Source data:
· · · · · · ·
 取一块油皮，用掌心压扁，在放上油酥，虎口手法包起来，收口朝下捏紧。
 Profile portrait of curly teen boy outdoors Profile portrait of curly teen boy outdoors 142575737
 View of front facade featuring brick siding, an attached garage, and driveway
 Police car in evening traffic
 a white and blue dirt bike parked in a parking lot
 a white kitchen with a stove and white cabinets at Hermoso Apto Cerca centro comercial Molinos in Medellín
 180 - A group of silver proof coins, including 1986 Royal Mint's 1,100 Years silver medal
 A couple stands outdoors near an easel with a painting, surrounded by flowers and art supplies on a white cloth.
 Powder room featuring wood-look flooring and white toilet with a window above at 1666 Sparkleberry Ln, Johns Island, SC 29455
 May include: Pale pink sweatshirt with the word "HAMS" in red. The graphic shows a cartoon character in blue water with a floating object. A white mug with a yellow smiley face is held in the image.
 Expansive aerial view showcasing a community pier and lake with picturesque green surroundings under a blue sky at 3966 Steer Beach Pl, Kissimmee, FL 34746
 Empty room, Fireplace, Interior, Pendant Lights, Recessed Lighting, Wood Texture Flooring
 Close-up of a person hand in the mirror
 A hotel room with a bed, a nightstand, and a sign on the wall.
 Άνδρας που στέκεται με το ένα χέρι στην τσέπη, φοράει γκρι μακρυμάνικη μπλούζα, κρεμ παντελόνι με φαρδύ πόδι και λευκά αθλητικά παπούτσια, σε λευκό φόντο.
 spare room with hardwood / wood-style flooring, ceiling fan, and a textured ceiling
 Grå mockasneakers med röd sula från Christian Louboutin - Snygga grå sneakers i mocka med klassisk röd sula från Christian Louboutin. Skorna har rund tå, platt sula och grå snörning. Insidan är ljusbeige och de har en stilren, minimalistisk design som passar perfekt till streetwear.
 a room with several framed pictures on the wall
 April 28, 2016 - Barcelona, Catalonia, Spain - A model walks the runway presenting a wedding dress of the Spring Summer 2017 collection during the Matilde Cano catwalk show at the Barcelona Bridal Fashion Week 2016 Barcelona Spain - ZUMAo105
· · · · · · ·
Your task is to transcribe the material exactly.

Exercise result:
 取一块油皮，用掌心压扁，在放上油酥，虎口手法包起来，收口朝下捏紧。
 Profile portrait of curly teen boy outdoors Profile portrait of curly teen boy outdoors 142575737
 View of front facade featuring brick siding, an attached garage, and driveway
 Police car in evening traffic
 a white and blue dirt bike parked in a parking lot
 a white kitchen with a stove and white cabinets at Hermoso Apto Cerca centro comercial Molinos in Medellín
 180 - A group of silver proof coins, including 1986 Royal Mint's 1,100 Years silver medal
 A couple stands outdoors near an easel with a painting, surrounded by flowers and art supplies on a white cloth.
 Powder room featuring wood-look flooring and white toilet with a window above at 1666 Sparkleberry Ln, Johns Island, SC 29455
 May include: Pale pink sweatshirt with the word "HAMS" in red. The graphic shows a cartoon character in blue water with a floating object. A white mug with a yellow smiley face is held in the image.
 Expansive aerial view showcasing a community pier and lake with picturesque green surroundings under a blue sky at 3966 Steer Beach Pl, Kissimmee, FL 34746
 Empty room, Fireplace, Interior, Pendant Lights, Recessed Lighting, Wood Texture Flooring
 Close-up of a person hand in the mirror
 A hotel room with a bed, a nightstand, and a sign on the wall.
 Άνδρας που στέκεται με το ένα χέρι στην τσέπη, φοράει γκρι μακρυμάνικη μπλούζα, κρεμ παντελόνι με φαρδύ πόδι και λευκά αθλητικά παπούτσια, σε λευκό φόντο.
 spare room with hardwood / wood-style flooring, ceiling fan, and a textured ceiling
 Grå mockasneakers med röd sula från Christian Louboutin - Snygga grå sneakers i mocka med klassisk röd sula från Christian Louboutin. Skorna har rund tå, platt sula och grå snörning. Insidan är ljusbeige och de har en stilren, minimalistisk design som passar perfekt till streetwear.
 a room with several framed pictures on the wall
 April 28, 2016 - Barcelona, Catalonia, Spain - A model walks the runway presenting a wedding dress of the Spring Summer 2017 collection during the Matilde Cano catwalk show at the Barcelona Bridal Fashion Week 2016 Barcelona Spain - ZUMAo105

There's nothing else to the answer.